> **TASK OBJECTIVE**:
Copy the listing exactly, images excluded.

> **DATASET EXTRACT**:
::::

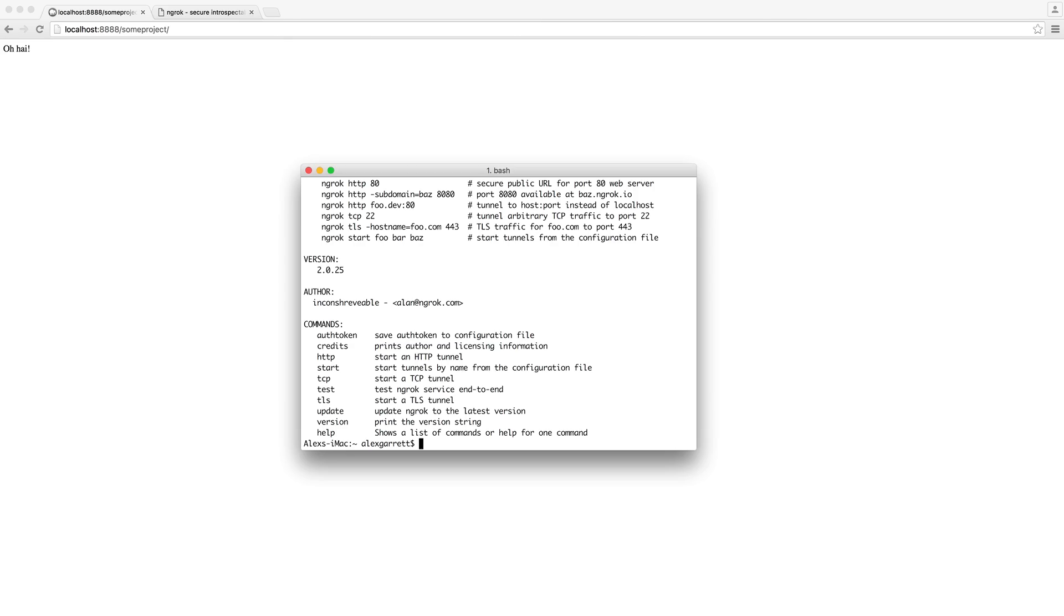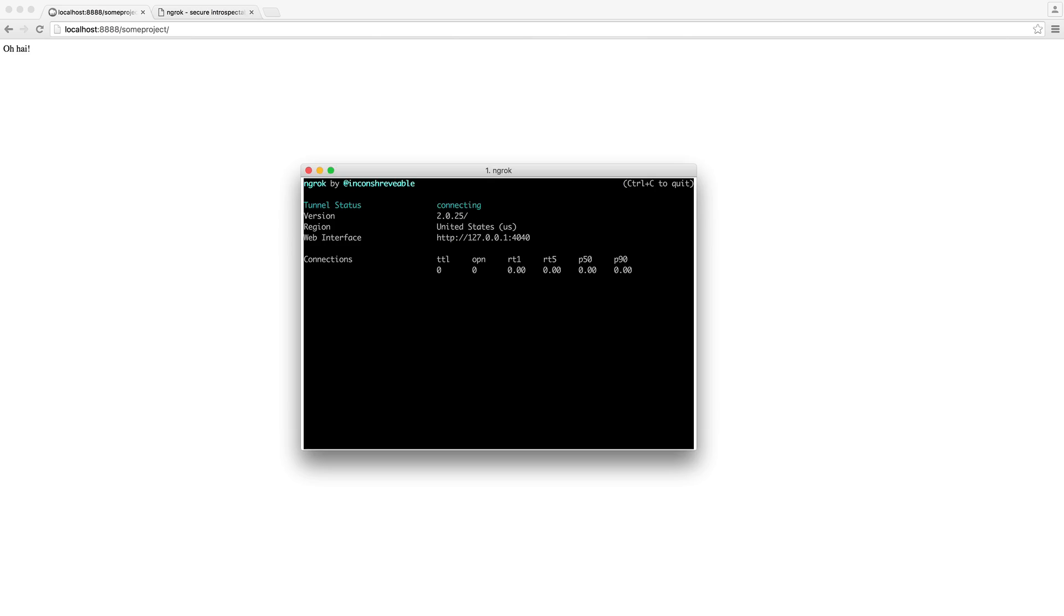So either way, I'm running on localhost on port 8888. So all I want to do is go ahead and run ngrok. I want to run HTTP and then I want to run the port that I'm running on. So in this case it's 8888, and this will boot this up.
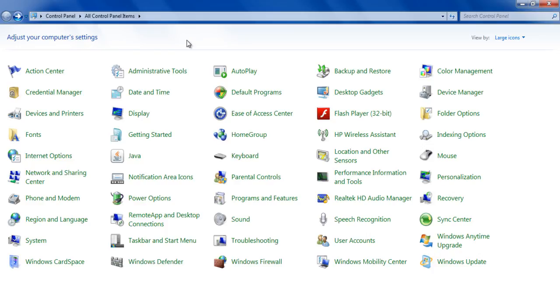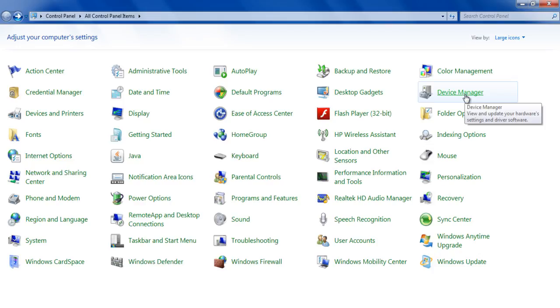The second situation is when the monitor screen goes blank out of the blue. In this situation it is recommended to check the display adapter settings or video card options. For this purpose,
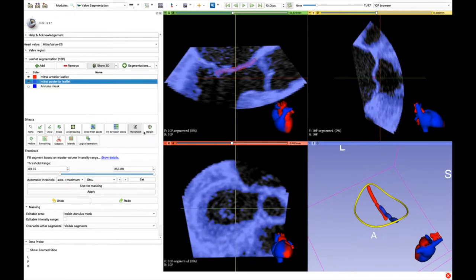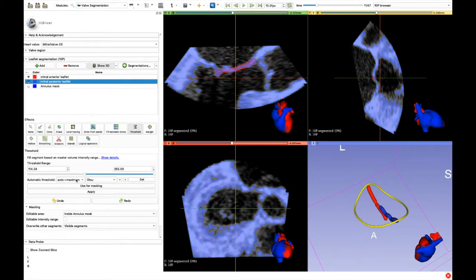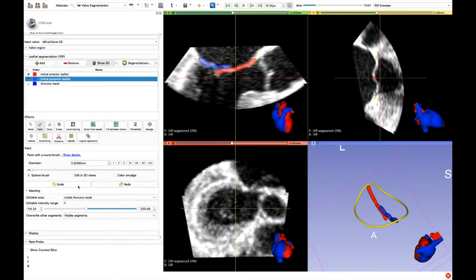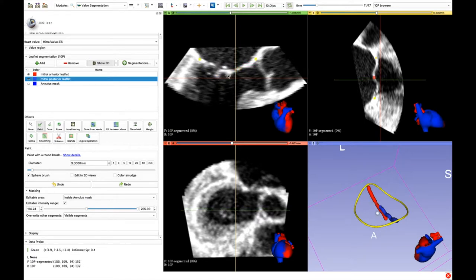Another option is to use the threshold paint. We set an appropriate lower threshold to get rid of the noise and confirm the choice by clicking on Use for Masking. This way the brush will paint only the pixels within the thresholds and we can use a bigger brush, allowing us to complete the work in less time.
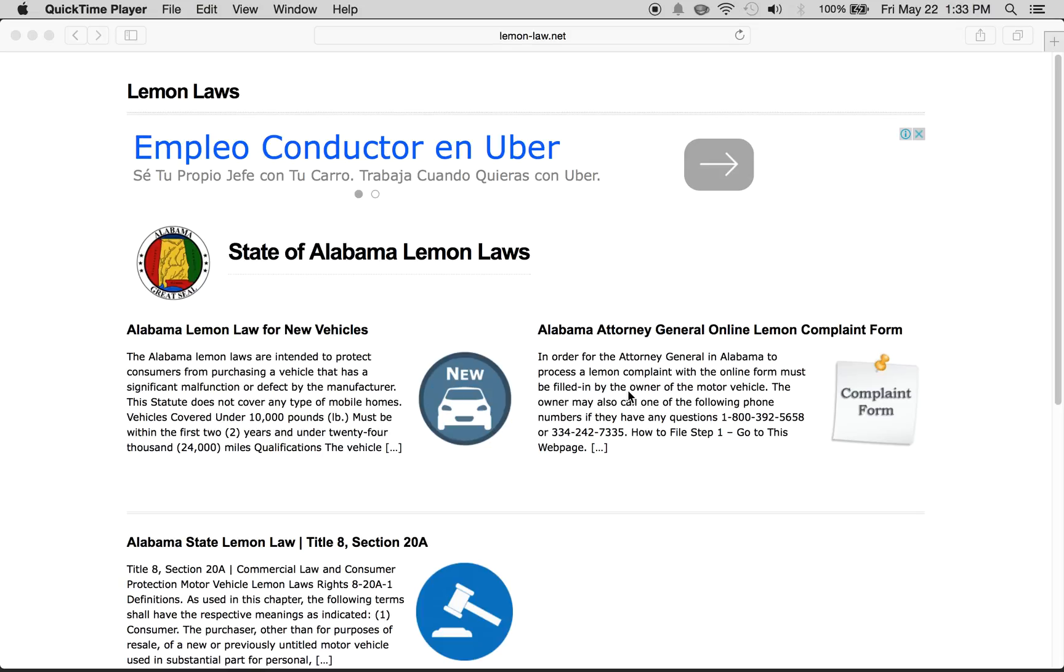Hi, we're going to go over the lemon laws for the state of Alabama. What is a lemon law? It is a law provided by the state to help protect consumers. In the state of Alabama, it only covers new vehicles so that car companies can't sell bad vehicles to consumers.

::::

> **RESPONSE**:
So either way, I'm running on localhost on port 8888. So all I want to do is go ahead and run ngrok. I want to run HTTP and then I want to run the port that I'm running on. So in this case it's 8888, and this will boot this up.
The second situation is when the monitor screen goes blank out of the blue. In this situation it is recommended to check the display adapter settings or video card options. For this purpose,
Another option is to use the threshold paint. We set an appropriate lower threshold to get rid of the noise and confirm the choice by clicking on Use for Masking. This way the brush will paint only the pixels within the thresholds and we can use a bigger brush, allowing us to complete the work in less time.
Hi, we're going to go over the lemon laws for the state of Alabama. What is a lemon law? It is a law provided by the state to help protect consumers. In the state of Alabama, it only covers new vehicles so that car companies can't sell bad vehicles to consumers.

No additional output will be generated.